WHAT TO DO: For this exercise, print the listing below exactly, without its pictures.

DATA SHOWN:
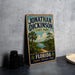 A vintage-style sign for Jonathan Dickinson State Park, featuring a scenic illustration of a tropical landscape with palm trees and a body of water.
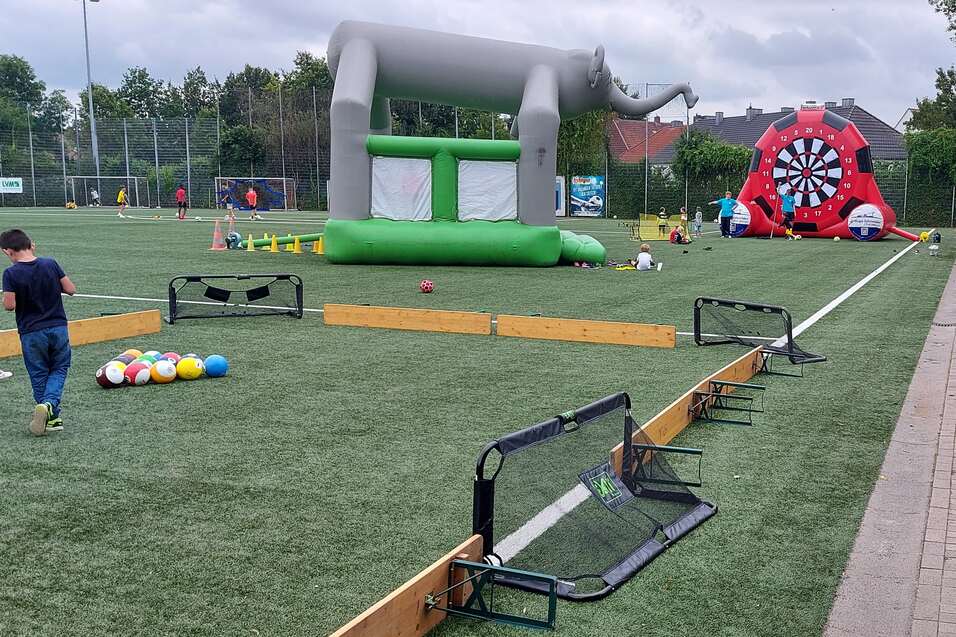Auf einem Sportplatz stehen ein gr&uuml;nes H&uuml;pfburg und ein Ziel-Dartspiel, w&auml;hrend Kinder spielen und Erwachsene sitzen.
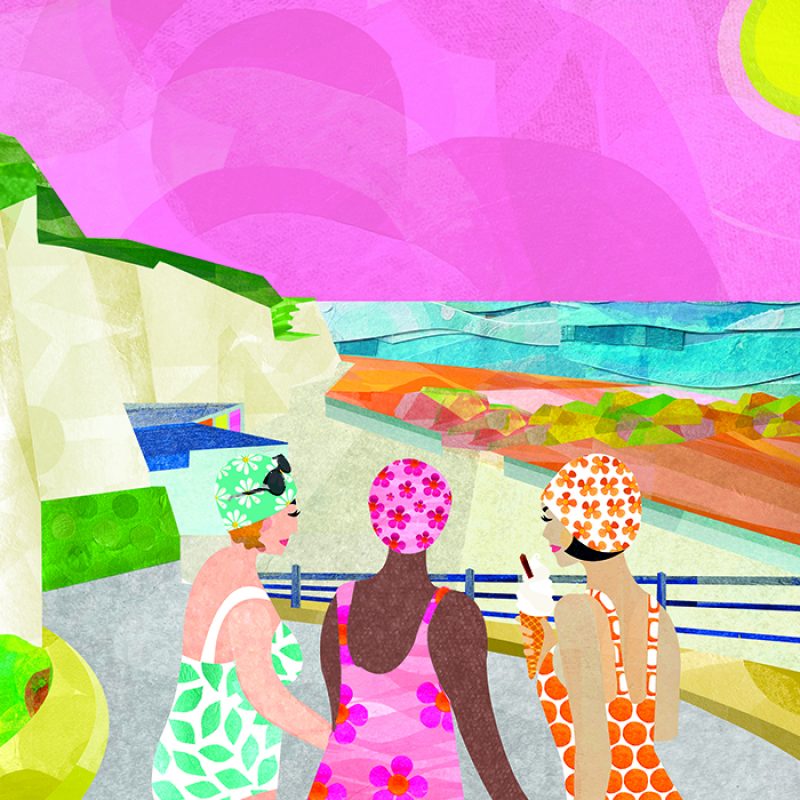 Three ladies in brightly coloured floral swim hats and swim costumes by the sea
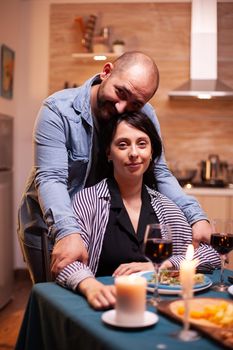 Couple celebrating relationship looking at webcam in kitchen. Married people special tender moments, enjoying the meal at candle lights celebration.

SOLUTION BELOW:
 A vintage-style sign for Jonathan Dickinson State Park, featuring a scenic illustration of a tropical landscape with palm trees and a body of water.
Auf einem Sportplatz stehen ein gr&uuml;nes H&uuml;pfburg und ein Ziel-Dartspiel, w&auml;hrend Kinder spielen und Erwachsene sitzen.
 Three ladies in brightly coloured floral swim hats and swim costumes by the sea
 Couple celebrating relationship looking at webcam in kitchen. Married people special tender moments, enjoying the meal at candle lights celebration.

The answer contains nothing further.